Black Fla. lawmaker proposes bill protecting Confederate statues
A black lawmaker in Florida filed a bill that would bar the removal of Confederate monuments in the Sunshine State. Such statues and other memorials have come under attack on American college campuses during recent years.
Republican state Rep. Mike Hill proposed the "Soldiers' and Heroes' Monuments and Memorials Protection Act" to ensure the preservation of "remembrances" constructed on public property from Mar. 22, 1822 and onward, the Pensacola News Journal reported.
Such memorials "may only be relocated, removed, altered, renamed, rededicated or otherwise disturbed if necessary to accommodate construction, repair, or improvements to the remembrance or to the surrounding property," according to the bill. While governments have bypassed similar laws by selling land on which Confederate memorials are located and permitting the new owner to remove them, Hill's bill stipulates that sale of public property containing a memorial must result in the memorial occupying a position of "equal prominence."
The move came just months after Florida State University quietly removed a statue of former Tallahassee Mayor Francis Eppes, a supporter of the Confederacy, under the cover of darkness. FSU spokesman Dennis Schnittker told the Tallahassee Democrat newspaper that the statue had been relocated to temporary storage.
Should the bill become state law, it's unclear what, if any, impact it could have on the Eppes statue. Hill did not respond to a request for comment from Campus Reform in time for publication. It's unclear how many confederate statues and memorials currently stand on Florida public college campuses.
"It will not change any person's life today by tearing down a Confederate monument or tearing down a statue or tearing down a cross," Hill said to the Miami New Times more recently. "It will not change any person's life by doing that. What it will do is prevent someone from learning the history of why it was there in the first place."
But protesters on some college campuses might beg to differ.
The University of North Carolina (UNC) - Chapel Hill's statue depicting Confederate soldier Silent Sam has generated both debate and defacement. UNC faculty members threatened to tear down the statue in February. A graduate student got arrested in April after smearing Silent Sam with a concoction she claimed to contain red paint and her own blood. And, in August, protesters tore down the statue.
The UNC's Board of Trustees subsequently proposed a $5 million plan to house the statue on the edge of campus and comply with state law preventing its removal. Faculty members and TAs who wanted the monument removed from campus entirely threatened to withhold grades and not teach for the first week of the spring semester.

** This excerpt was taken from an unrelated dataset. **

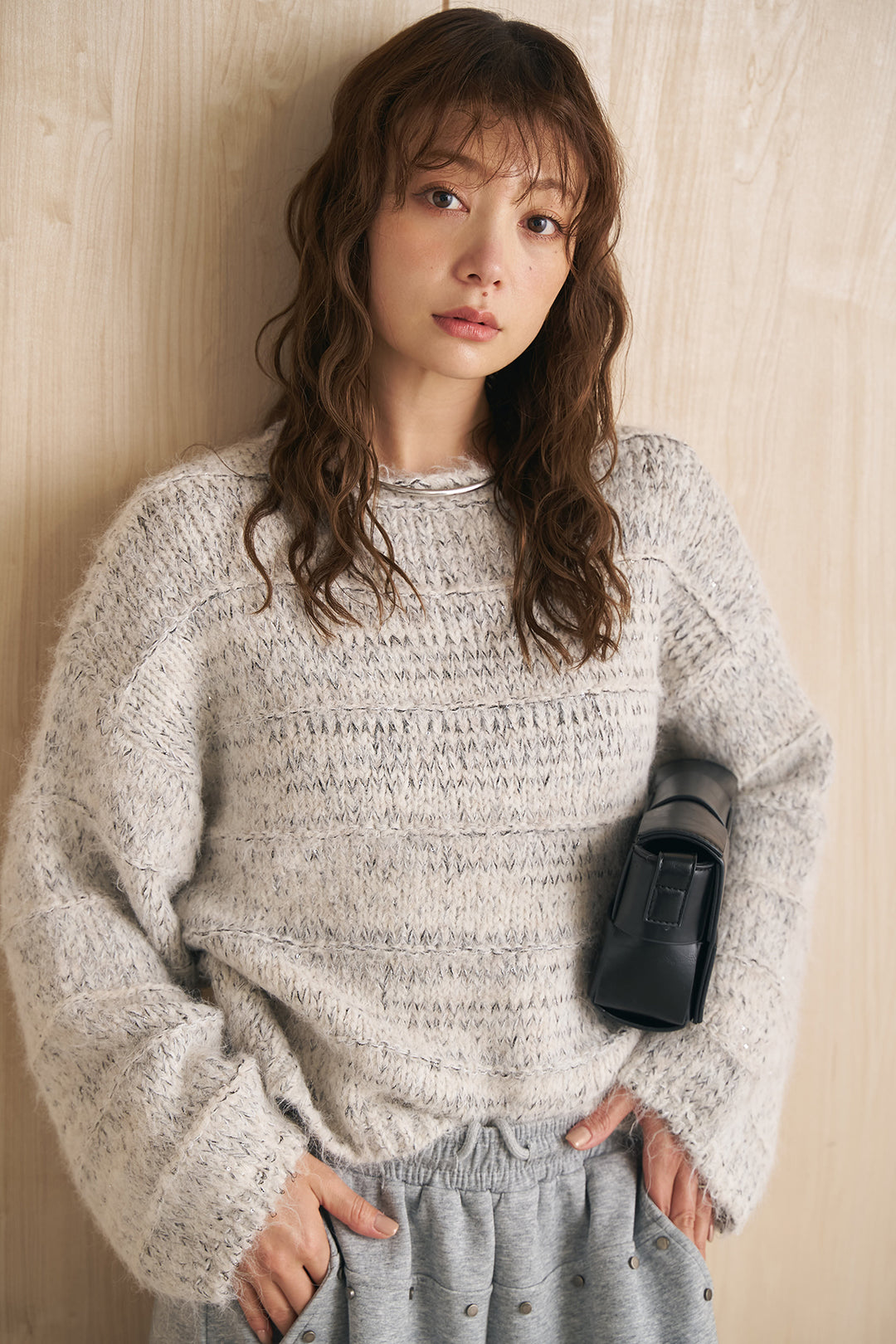 [SET]ルーズメランジボートニット+スタッズ付きニーサイドタックスウェットパンツ(2set)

UNC's provost later said in an email obtained by Campus Reform that those actions by graduate assistants and professors violated students' First Amendment rights. UNC's Board of Governors rejected the trustees' plan, asking the group to draw up another proposal.
The North Carolina school is not the only institution of higher education to get caught up in the Confederate controversy. Vanderbilt University announced in 2016 that it would dole out over $1 million to remove the word "Confederate" from a residence hall's inscription. That same year, South Carolina's York Technical College forbade the Confederate flag from being featured at a Confederate history event.
Individuals associated with the Confederacy are not the only historical figures to have come under attack. A statue of Thomas Jefferson was vandalized with "racist + rapist" and covered with a sign reading "Black Lives Matter -- F*** White Supremacy" at the University of Virginia, the institution he founded.